The second, slightly more tragic curiosity was a paddlewheel boat designed for sea travel. Its uniqueness lay in the fact that it was a steam paddlewheel boat, used exclusively for river navigation. Unfortunately, it was only a matter of time before it would succumb to the harsh weather conditions in the Aegean Sea. A ship called the Patris, which provided regular large-scale transport of people and goods between Syros and Athens, sank off the coast of the island of Kea in February 1868. Thanks to the efforts of people and the memories of a few divers, it was found and partially recovered. It is a flagship story of the local industrial history that the local people pride themselves on. It is interesting to see which history is being restored and which remains rather in the background. A ship emerging from oblivion has been put back into the story of the island’s history and its place in modern industrial history.2


Museum of Technology and paddlewheel of the wrecked Patris. (Authors’ archive)

Apano Meria

Come closer, friends, and experience the wild nature of the island, enjoy Apano Meria, the last landscape Homer dreamed of when he was homeless and wandering among the islands of this archipelago. Come and walk in the sand dunes, discover the beauty, the virgin nature with terraces and walls, paths and trails, small settlements and farms that have become part of the landscape. (Teos, Pages of Apano Meria)
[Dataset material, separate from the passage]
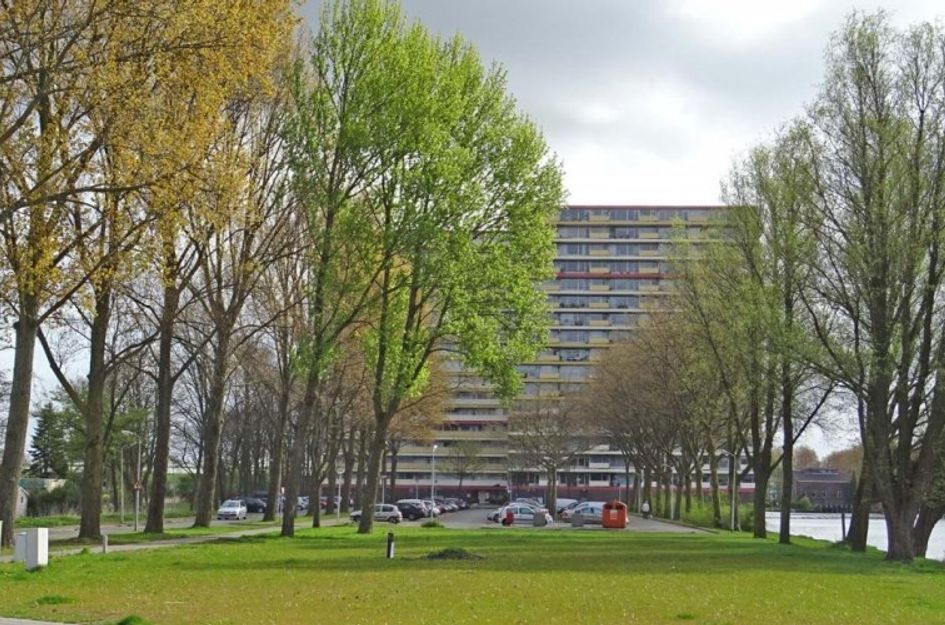 Oost Dorsch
On the second day of our joint excursion, Teos and Chara guide us through the northern part of the island, called Apano Meria. They have a warm affection for this area, and its look is a frequent subject of Teos’s texts. Apano Meria embodies the story of the Cyclades as the cradle of European civilization. In purely descriptive terms, it is the part of Syros separated by an imaginary line stretching from the northern edge of Ermoupoli across the island, covering roughly the area that falls under the protection of the Natura 2000 network of nature reserves. It is here, in the northern part, where you can find rare metamorphic stones formed by high pressure and relatively low temperatures deep in the earth. Among them are the so-called eclogites, strikingly dark and peculiarly protruding from the ground, which can be noticed even by a cursory glance at the landscape. The largest of the metamorphic monolithic stones on Syros, which came from a depth of 80 kilometres, is known locally as aerolithos (the stone that fell from the sky).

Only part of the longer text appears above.